今年で配信4周年を迎えた、Blizzard Entertainmentのデジタルカードゲーム『ハースストーン』。シンプルなルールや派手でランダム性を持ったエフェクトが独特で、カジュアルなプレイヤーからe-Sportsのファンまで幅広い層に人気です。その人気を維持するには、新鮮な拡張版が必要ですが、11月2日から3日にわたって行われた「BlizzCon 2018」では、「天下一ヴドゥ祭」が発表されました。本拡張は、12月4日に配信予定ですが、編集部ではそれに先駆け、開発チームへのインタビューを実施。テーマやデザインのインスピレーション、新しいシステム、カードの種類、この1年の振り返りなどについて語ってもらいました。



――まずは自己紹介をお願いします。

Ben Thompson氏(以下Thompson氏):『ハースストーン』のクリエイティブディレクター、Ben Thompsonです。

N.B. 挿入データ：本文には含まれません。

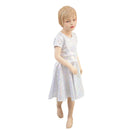 Girls White Kaleidoscope Skater Dress - Coquetry Clothing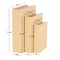 Faux Leather Geometric Woven Grid Book Storage Box Set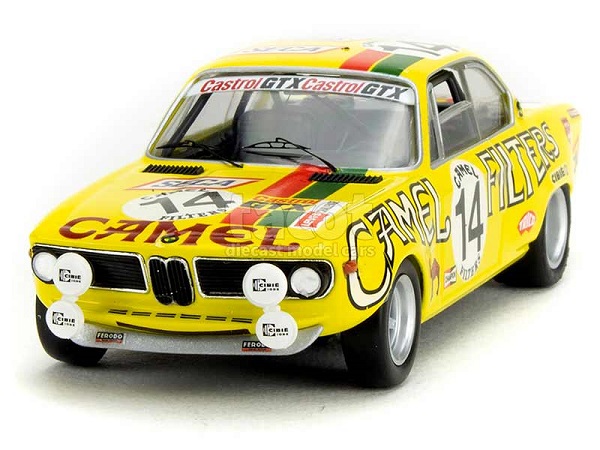 Модель 1:43 BMW 2800 CS #14 Spa 1972 Tiussaint - Haxhe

Cat Morgan氏(以下Morgan氏):『ハースストーン』のソフトウェアエンジニア、Cat Morganです。

――新拡張「天下一ヴドゥ祭」のテーマや開発目的についてご説明いただけますか?

Thompson氏:「天下一ヴドゥ祭」はトロル族をテーマにした拡張です。最初のアドベンチャーが企画されるずっと前から、チーム内ではトロルの拡張を作りたいと思っていましたし、いつか絶対にやるとわかっていました。とても『World of Warcraft』、『Warcraft』や『Warcraft II』らしいですからね。ただシステム、モチーフ、デザイン的に、これまではまだその時ではない、と感じていました。それでも毎回、「トロルのなにか」というアイデアをホワイトボードには書いていたのです。そんな中、去年の『WoW』拡張版「Battle for Azeroth」で紹介された新しいトロルや、デザイナーが思いついた「血祭」というメカニックを考えたうえで、アイデアが固まってきたのです。そして、「グラディエーターの戦いをテーマにするなら、トロルが最適じゃないか。ストラングルソーンフォレストの中にあの使われていないアリーナもある。それを利用して、彼らを入れよう」と思いついたのです。それから精霊とロアというコンセプトが出てきて、獣のロアがまさにグラディエーターらしいなと思いましたし、競技場で戦士と戦うトラがぴったりだと。


Morgan氏:『World of Warcraft』プレイヤーなら知っているキャラクターも、私たちが本拡張のために作ったキャラクターもたくさん出てきます。それが「天下一ヴドゥ祭」です。ラスタカン王が取り仕切る戦いになります。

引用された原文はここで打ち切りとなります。